Many people in the market expected things to change dramatically after the Modi-led National Democratic Alliance government took office. In fact, the momentum in the market started building long before the first vote was counted on 16 May 2014. As a result, the benchmark indices gained about 30% in 2014, making it the best year for Indian equities since 2009. But in 2015, investor confidence seems to be dissipating, at least in some sections. Markets have fallen in recent days; the year-to-date gains for Nifty is almost nil. This is bound to make some investors nervous, especially those who came in late, and with hopes of making quick money.
However, the basic issue is that companies’ earnings haven’t matched the expectations of investors and analysts. The quarterly result announcements for the three months to March have so far been disappointing. An analysis published by this paper showed that the aggregate net profit of 101 companies that have declared their numbers fell by 9.23%, their worst performance since December 2012 (see: Fourth quarter results paint a grim picture, 27 April).
But this performance is not necessarily a consequence of what the government has done (or not done) since coming to office. For example, the uninspiring show by companies in the information technology business practically has nothing to do with how the government has performed over the past one year. The basic problem is that the turnaround in corporate profitability is taking more time than analysts had expected and, as a result, some investors are once again beginning to see other structural problems in the economy. “Even if Modi comes through, India’s bureaucracy is so entrenched, so powerful and so staggering. India does not have the education, infrastructure and work ethic that China does. India is a chaotic democracy—democracies can be extremely successful, but not chaotic democracies. In my view, India is not a terribly rational country. I would suspect more and more people in India will start to get impatient, and not just its youth who need jobs,” Rogers said in the above-mentioned interview. Clearly, these problems are not new, but if some investors expected these conditions to change in a year, they probably need to recalibrate their investment strategy.

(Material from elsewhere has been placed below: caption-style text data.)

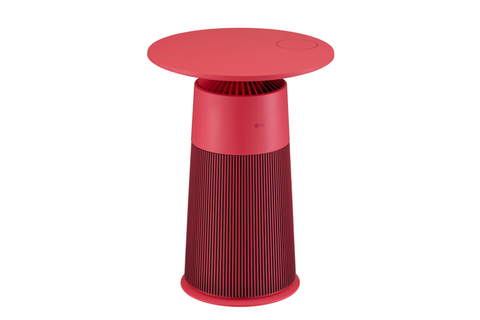 Máy lọc không khí LG PuriCare Aero Furniture AS20GPRU0 màu đỏ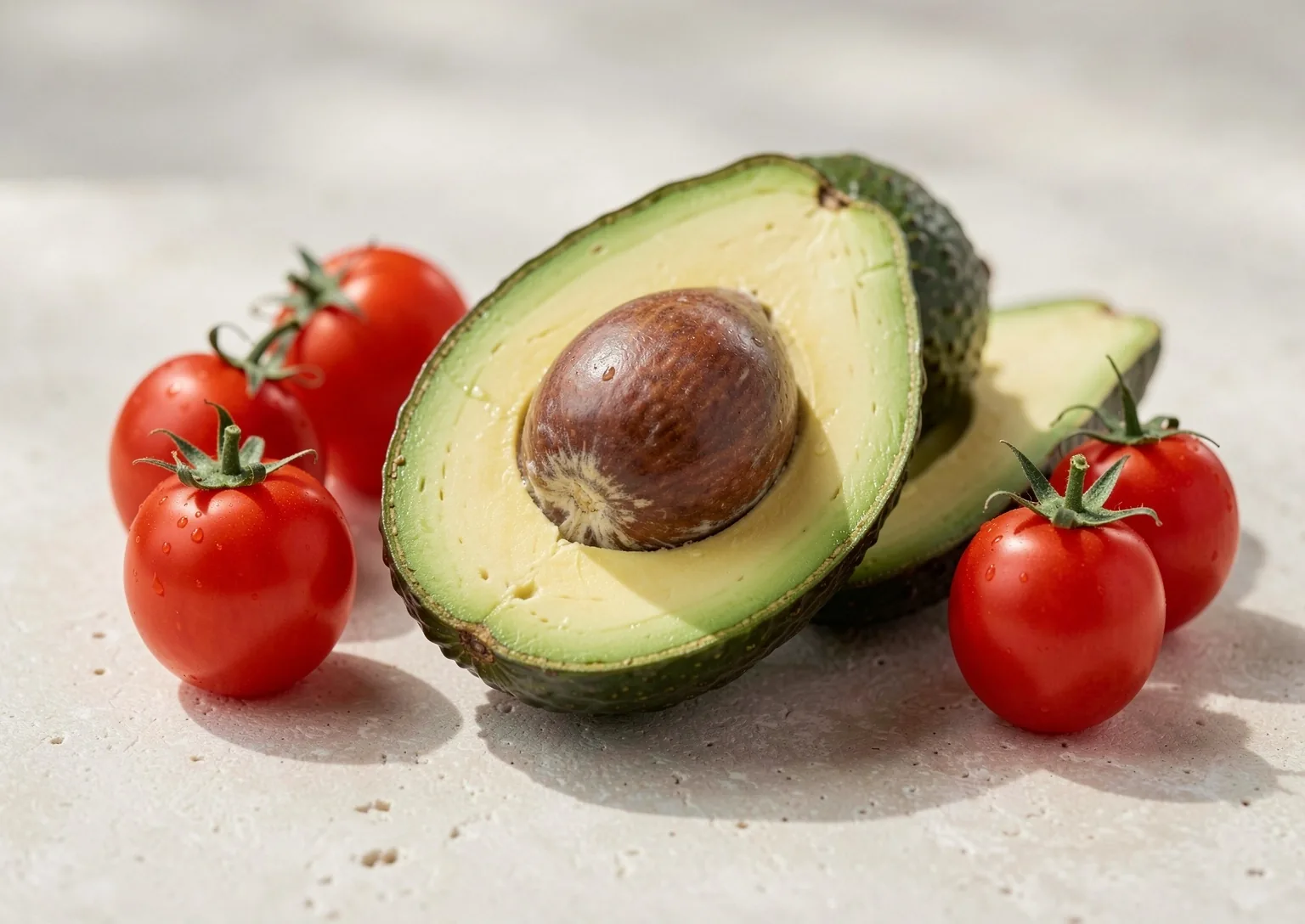 Ingrediente naturale și texturi organice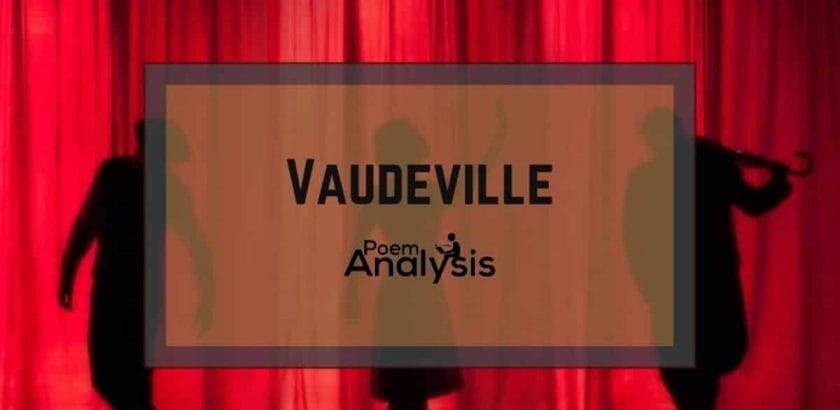 Vaudeville definition and meaning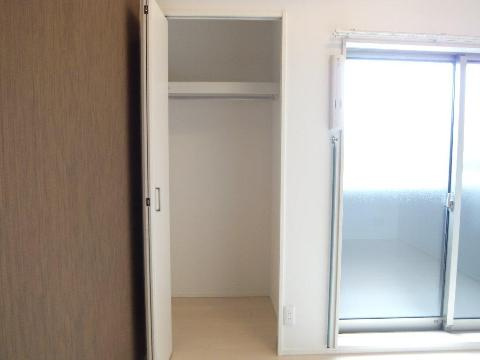 ハーモニーテラス名楽町の収納
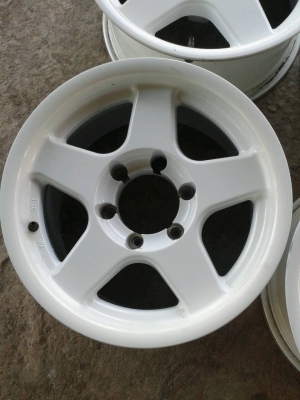 ขาย ล้อลายBradley 16x8ออฟ0 ปรับราคา เหลือ 9,800 บาท ครับ
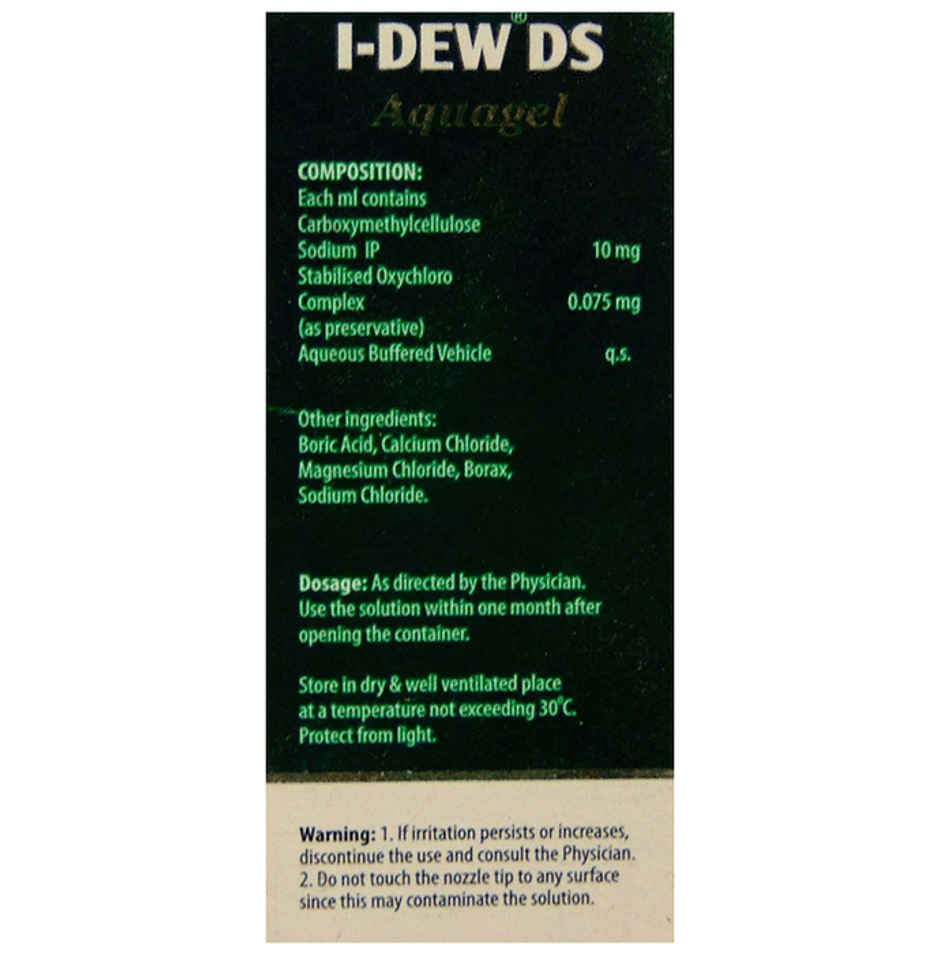 I-Dew DS Aquagel Eye Drop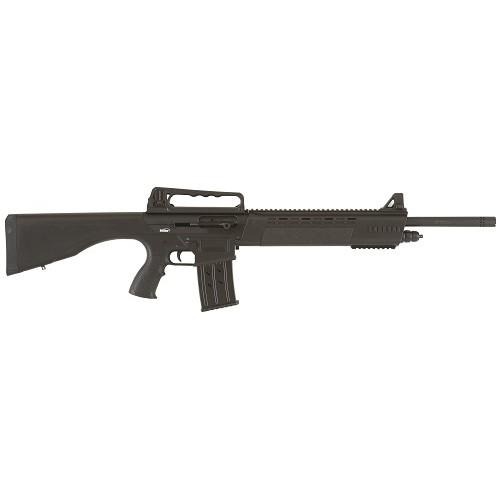 Tristar krx tactical shotgun 12 ga 3" chamber 5rd magazine 20" barrel bl...-img-0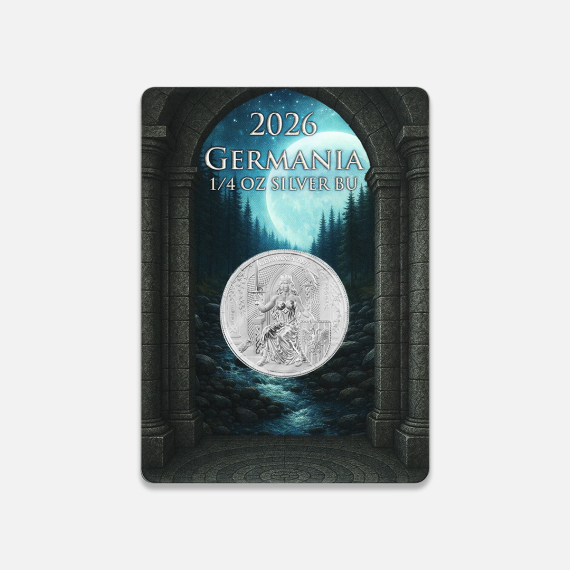 Germania 2026 1/4 uncji srebra Germania 2026 1/4 uncji srebra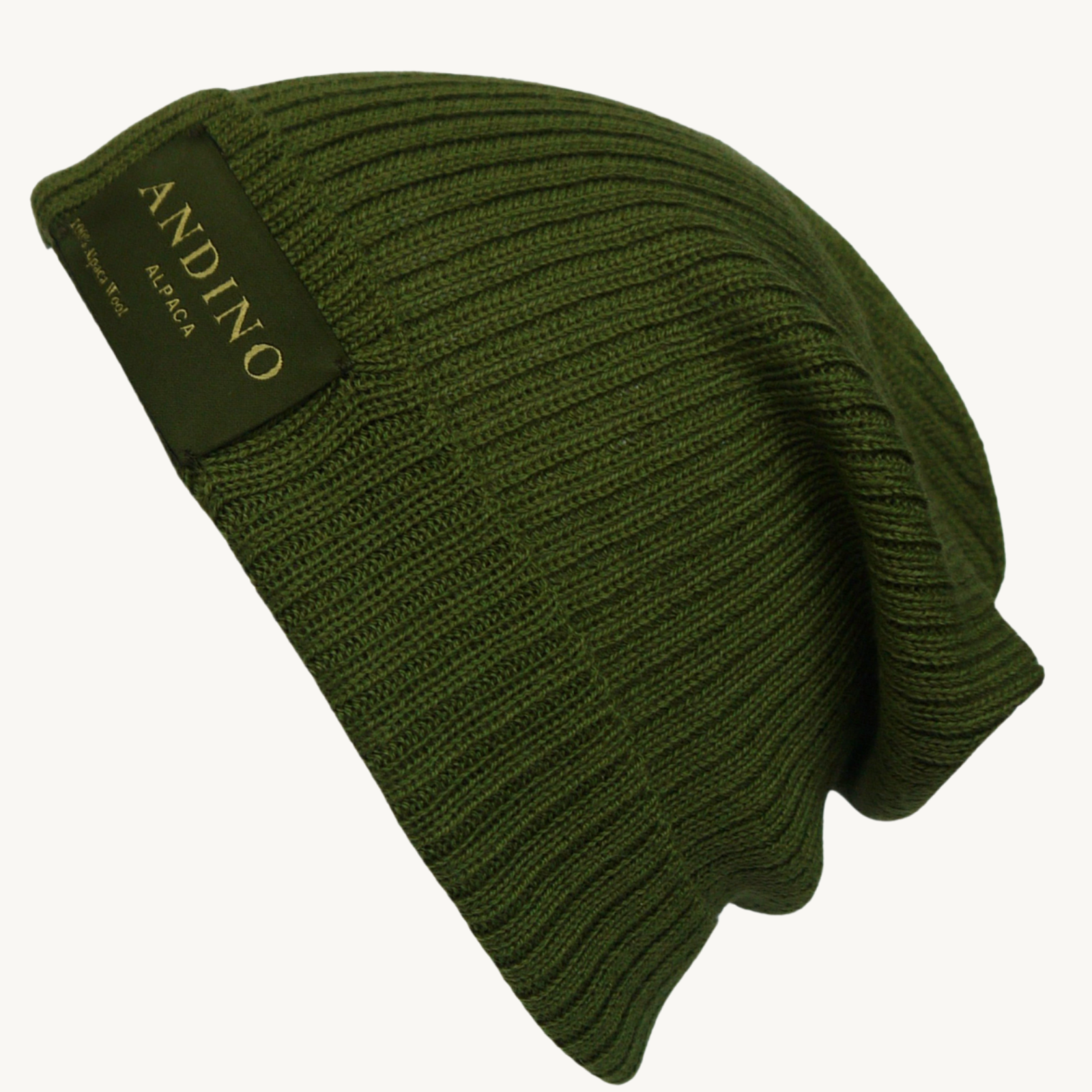 100% Baby Alpaca Wool Beanie Hat – Unisex Alpaca Hats for Men & Women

Investors, overwhelmed by the Bharatiya Janata Party’s majority in 2014 election, had pushed stock prices and valuations in the expectation of big bang reforms and a possible cyclical upturn in company earnings. And both didn’t happen. On the economic reforms front, it is now clear that the government will move incrementally. In fact, the Economic Survey 2014-15 argued that big bang reforms normally happen in crisis situations. “Much of the cross-country evidence of the post-war years suggests that big bang reforms occur during or in the aftermath of major crises…. India today is not in crisis, and decision-making authority is vibrantly and frustratingly diffuse,” said the survey.
An incremental approach is not a bad thing, provided there is steady movement because in the end it all adds up. Investors can always argue that things could have been better, and they will not be entirely wrong, but it is also true that there has been progress on the policy front. In addition, lower oil and commodity prices have helped. But it appears that earnings revival will take longer than analysts have been anticipating. Crop damage due to recent unseasonal rains and the possibility of a poor monsoon can delay the process. This can also shift resources and government attention to the rural economy, which can affect market sentiment in the short run.
At a broader level, investors shouldn’t worry too much about the ongoing correction in the market as it will take out some froth and open up opportunities to buy good stocks at reasonable valuations. Seasoned investors, both domestic and foreign, would agree that India is a long-term story. Indian markets have satisfactorily rewarded long-term investors in the past and there aren’t sufficient reasons to believe that they won’t in the future.
In fact, conditions in 2014 weren’t as good as markets were portraying them to be and, perhaps, they are not as bad as some commentators are interpreting them to be this year.